At the beginning of the 1960s, the United States had a young, charismatic and handsome new president in John F. Kenney. His assurance that “the government possessed big answers to big problems” appeared to be the start of a golden age for the United States. Unfortunately, by the end of the 1960s the opposite had taken place and it seemed that the nation was falling apart (History 1). How was it possible that in the span of ten short years a superpower like the United States could go from having an optimistic outlook on the future to becoming a nation whose basic beliefs and foundations were being violently challenged? The challengers were not an external force, but rather a segment of the American population; its youth, whom in 1961 at an impressionable young age, heard Kennedy, say in his Inaugural Address, “ask not what your country can do for you - ask what you can do for your country” (US History 1). It seems inconceivable that a group of naïve and susceptible individuals such as America’s youth could undermine and challenge the basic foundations of American society as dramatically and quickly as it did happen. It is easy to assume this generation of young people would follow the same protocol set by previous generations: mildly challenge authority and “sow wild oats” for a few years, then settle down and pursue the trappings of adulthood; stable job, marriage, and children. Yet this did not happen. So, why was this generation different and what influenced their behavior? This essay will investigate what role the media played in the youth revolution of the 1960s. Was the media’s influence merely reflective of a self-perpetuated youth culture focused on ideology or falsities devised by the media to sell an image to America’s youth with the secondary effect being unprecedented change?

The Jolly World of Gangs, Games, Movies, and Music – The 1940s

"They live in a Jolly World of Gangs, Games, Movies and Music. They speak a curious lingo, adore chocolate milk shakes, wear moccasins everywhere, and drive like bats out of hell." -Life magazine, 1941

America’s youth and their role in society began to change as the United States became more industrialized and children were no longer needed to work on farms or in factories. By the 1930s, compulsory education laws and changes in the economy - especially the Great Depression, had taken America’s youth out of the workplace and into the classroom. In 1920, 28 percent of American youths between the ages of fourteen and seventeen were in high school; by 1930, 47 percent of this age group was attending high school (Spring 94). Since schooling was no longer reserved exclusively for the upper classes, a generation of youth began to be recognized in their common experiences as students thereby forging a new and distinct identity.

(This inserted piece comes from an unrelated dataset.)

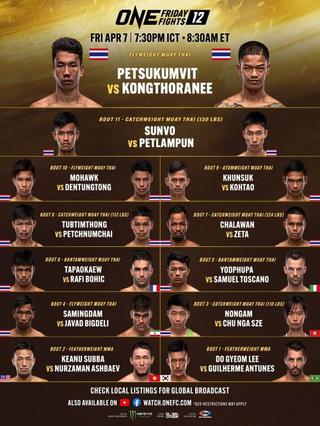 ONE Friday Fights 12: Petsukumvit vs. Kongthoranee poster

It was during the 1940s, that the term “teenager” came into common usage and with it an unprecedented opportunity to sell goods to this unique market, as described by Palladino: “The fact that the population of fourteen- to seventeen-year-olds was larger than usual (9,720,419 in 1940) also gave high school students new visibility. Advertisers and merchandisers were beginning to recognize an attractive new market in the making, one that was not necessarily bound by adult standards or tastes. Celebrating the notion of carefree, high school bobby soxers (whose only concern in life was to have a good time and dance), they began to promote a new social type they dubbed 'teeners,' 'teensters,' and, in 1941, 'teenagers.' Like bobby soxers, teenagers were tied to the new high school world of dating, driving, music, and enjoyment. Although it would take a few years for the term 'teenager' to catch on in the popular mind, the concept was spreading rapidly, particularly as a marketing tool “(Palladino 52).

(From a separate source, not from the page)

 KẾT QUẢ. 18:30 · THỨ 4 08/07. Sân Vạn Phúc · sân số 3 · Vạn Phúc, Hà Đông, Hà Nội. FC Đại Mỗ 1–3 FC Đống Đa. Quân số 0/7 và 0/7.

An explosion of goods and services were aimed at this new teenage market. Magazines, record shops, clothing, new dances, foods, and cars were specifically and carefully aimed to appeal to the new market of teens. An important ideology embedded in teenage marketing during this period was "youth as fun," the notion that being young in twentieth-century American culture was a carefree, independent, happy existence (Hebdige, 3).
Carefree Youth – the 1950s
America’s teenagers during the 1940s and 1950s were more than happy to embrace the marketing ideology of “youth as fun” and in fact, expanded this notion into the previously taboo area of premarital sex. Although the 1960-decade is identified as the era of sexual revolution, the foundation was set during the 1940s and 1950s. According to Cathy Keen, a University of Florida professor, many of these cultural changes occurred in the forties and the fifties but were not publicly acknowledged until the sixties because of the changes in society in terms of a different openness to sex in music and the media.

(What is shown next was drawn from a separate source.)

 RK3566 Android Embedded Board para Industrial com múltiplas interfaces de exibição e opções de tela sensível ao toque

Music during the 1940s and 1950s was a mixture of white and black musical forms from the Mississippi Delta, country music, and the grinding beat implicit in machinery and automobiles. The rock n’ roll genre evolved from this mixture, becoming popular among the white youth during the 1950s (Kingman 122). By the mid 1950s, white bands were performing covers of popular black rhythm and blues songs and Alan Freed, a host on a radio station in Chicago, began not only playing but arranging shows for white audiences to hear these black artists (Kingman 123). Soon white artists began to incorporate these tones and beats into their music. The most successful white artist to do this was Elvis Presley, who became the main focus of teenagers in the 1950s earning him the title of “King of Rock n’ Roll” (Stevenson 235-36).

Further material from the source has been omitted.